The same approach can be used to reconcile and adjust Interest Expense. But generally speaking we are more concerned with having the correct Notes
Payable balance on the balance sheet.

Large businesses record transactions daily, sometimes in Real Time, as they happen. Smaller businesses may record transactions less frequently, perhaps at the end of the day, week or month. Bookkeepers often have to make estimates, especially when they don’t have enough information to write
a correct entry. This is common in the business world.

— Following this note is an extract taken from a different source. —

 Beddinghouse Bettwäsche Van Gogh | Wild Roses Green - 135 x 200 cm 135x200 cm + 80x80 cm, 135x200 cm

Here’s a common example, and one I see on a regular basis as an accountant and tax preparer. A client or their bookkeeper records a loan payment as a debit to “Loan Payment” and a credit to “Cash.” You should know by now that accountants don’t use an account called “Loan Payment.” We record
a loan payment with debits to Interest Expense and Notes Payable and a credit to Cash, as shown in the examples above. To correct the bookkeeper’s
error we would write an adjusting entry to debit the correct accounts and bring the “bogus” account to a zero balance.

Present Value

If you owe me $1000 I would like to have it paid as soon as possible. I am losing the use of my money as long as you owe me.

If I fall on hard times I might prefer to get my money paid back sooner, rather than later, because I need the money now. I might be inclined to settle for less than the full amount of the debt, in order to get the cash I need as soon as possible.

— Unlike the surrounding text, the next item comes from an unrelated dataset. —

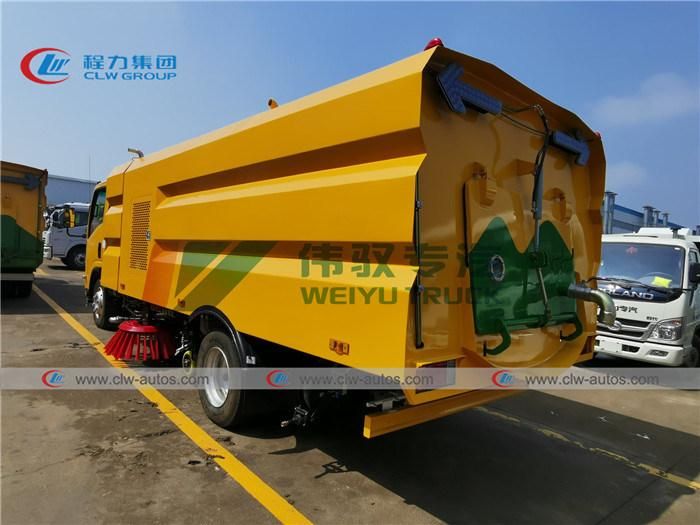 City Street Cleaning Machine Truck Vacuum Isuzu 9cbm Road Sweeper Truck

Let’s say I could earn 10% interest if I had the money you owe me. In one year I would lose:

$1000 x 10% x 1 = $100 interest

if you paid me back now I could accept

$1000 – $100 = $900

Investing that money in an interest bearing account, which compounds daily (typical bank method), the $900 would grow to $1000 in a year. I would be in the same position at the end of a year, either way. But one way I have my money available in case I need it, which may be preferable.

The long and short of this story is simple. Money has a value, over time. It can be calculated fairly easily. If we don’t have our money, we lose the use of it. Having money now is better than having it in the future, because I can put it to better use if it is available to me.

The business world accepts these simple facts about money, and business managers assume that interest should be earned or paid whenever appropriate in the situation. Federal tax law mandates that interest be charged where appropriate. Zero interest loans are not recognized for federal
tax purposes.

Contingencies

A contingent situation is one that may arise in the future, based on some past event. For instance, if I sell lawnmowers one of them might break in the warranty period, and I will have to replace it. The warranty claim will arise in the future, from a sale made today.

There may be contingent gains or losses. Contingent gains are ignored until they are finalized. Contingent losses are recognized as soon as they can be identified and measured.

GAAP places a couple of requirements on contingent losses. They should be reported in the financial statements if they meet BOTH of two criteria: 1) the loss is probable, 2) the amount can be reasonably estimated.

It must also be a material amount, in order to have a reportable effect on the financial statements. Some are just a normal part of business, called general business risk, and are not reported. For instance, we all know that airplanes can crash. Airlines don’t consider this a reportable contingency, because it is impossible to predict the occurrence or amount of loss in advance.

On the other hand, the company may be involved in a lawsuit. Their attorney advises them that they will probably lose, based on other cases and the probable loss will be $100,000. The loss is probable, and the amount can be reasonably estimated. The loss would be entered into the books, with a journal entry, and disclosed in the financial statements.